What folks have to realize is that each case involving mental illness is different and involves different levels and types of treatments.  Mental hospitals are needed by many to stabilize and get the treatment they need to survive.  The only other alternatives for many are homelessness, jail, or even death.  If this country were aggressive in its “preemptive” treatment and care for those who suffer from serious mental illness, we believe that the level of dangerous behavior and “criminal” activity would be cut back significantly.  If only the stigma could be eliminated and mental illnesses were treated like other diseases in our society.  

We feel very fortunate that our son is being cared for in modern state of the art facility, with a well-trained staff. We hope that Western State hospital becomes a model for other states to follow.

Ray and Connie  Maternick

My Son Says: “If You Are Afraid To Tell Your Story, Stigma Wins”


When I wrote my book about mental illness and my family, I referred to my son by his middle name to protect his identity. Since its publication, Kevin has become a peer-to-peer specialist and an advocate for individuals with mental illnesses. We recently were interviewed by the local NBC station here. Kevin wrote about it on his Facebook page and when I read it, I asked if I could share it with you. I’m glad he said yes. We don’t agree on every issue but I greatly admire his courage in speaking out against stigma. 

By Kevin Earley

For anyone who hasn’t heard, I was interviewed by Mark Segraves of NBC channel four Washington today. They are doing a two minute piece for their Changing Minds series on mental illness and specifically for this piece they are focusing on the ordeals that my father and I went through during my past, and also profiling my current position in the mental health field. They interviewed me for about thirty minutes and my father spoke for just as long. I will update everyone as to when the piece airs, as of now, all I know is it is not slated for this week.


My dad was tearing up when he spoke about the time he felt like he wished I had “never been born” because he didn’t want to see me suffer and how it made him feel like a bad father for feeling that way. He talked about how he lied to police to get them to take me to the hospital and not to jail. We revisited what it is like getting Tasered, and how I now help to teach police better ways to avoid escalation and the irony of how I went from one side of the experience to the other side.

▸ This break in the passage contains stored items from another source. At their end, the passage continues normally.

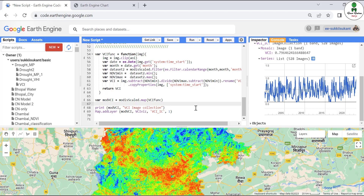We can add further analysis to the script — for example, calculating the area experiencing moderate or extreme drought, or classifying the VCI image into five categories: VCI above 0.5 as no drought, below 0.1 as extreme drought, and so on. That's it for this video. Hope you found it informative — please share with your colleagues and friends, hit the like button, and thank you.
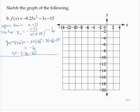For the vertical intercept, f(0) = −15. Substituting 0, we get −15, so the vertical intercept is (0, −15).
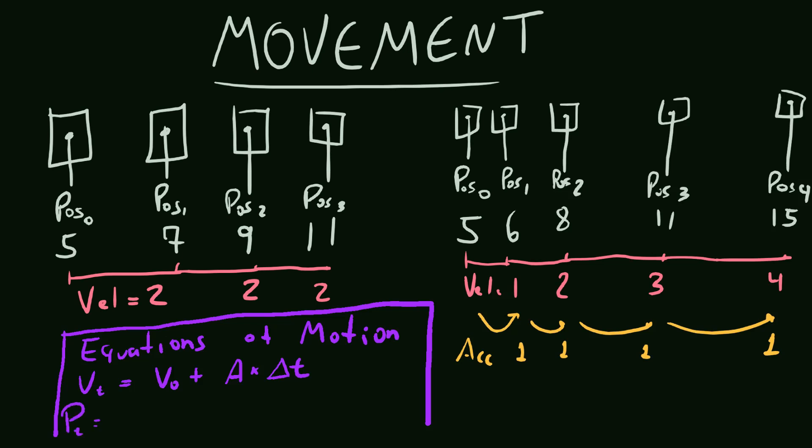And now for the position. Since we are considering both first and second derivatives, the velocity and the acceleration, our equation has to consider them both. So the new position will be the old position, plus the velocity times the delta time, like we did before, since it's the first derivative, plus the acceleration times the delta times squared, divided by 2.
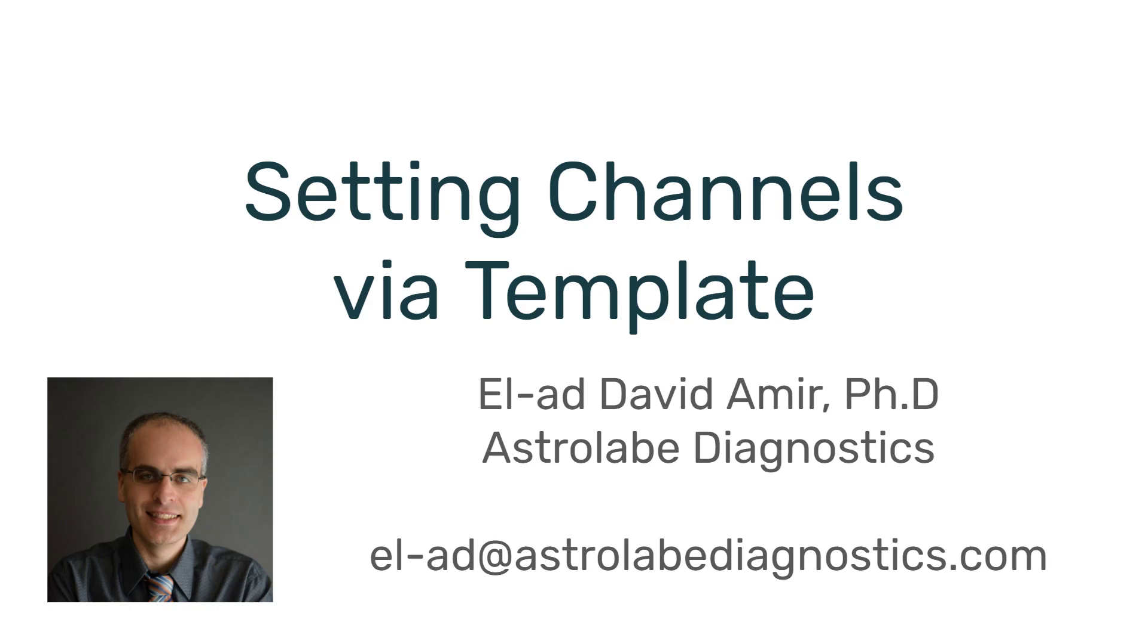Hello everyone, this is Elad from Astrolabe Diagnostics, and today I'm going to demonstrate a new feature where you can set up the channels in your experiment via a spreadsheet template.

I talked about how I live day to day and what people can do to recover and control their own destiny in regards to their treatment. It was an emotional and surreal experience, especially since we were revisiting some of the darker parts of my life, but it reminded me how far I have come on my journey and how fortunate I am to still be alive and able to help others with my story.

I know there are probably some of you on my timeline who know me casually and may not be aware of my past, but I feel that being open and honest is the best way to deal with it. If you are afraid to tell your story, then the stigma wins, the fear wins and nothing changes. I am not naive, but hopefully, the story will reach others going through similar challenges and inspire them on their path. If that means that some people will look at me odd, or criticize me or think of me badly, then that’s the price I pay.

This continues to be a big issue in our country, as people everywhere are reaching their wits ends and violent shootings seem more and more commonplace, and I know that my name will be linked to this if I apply for jobs or if potential dates Google my name. But I can’t hide who I am and what I’ve been through and most importantly, how I overcame and ended up where I am now. I am fortunate that I beat the odds and have a happy ending to my story.

This is my life story and I’m not ashamed of my life or my story.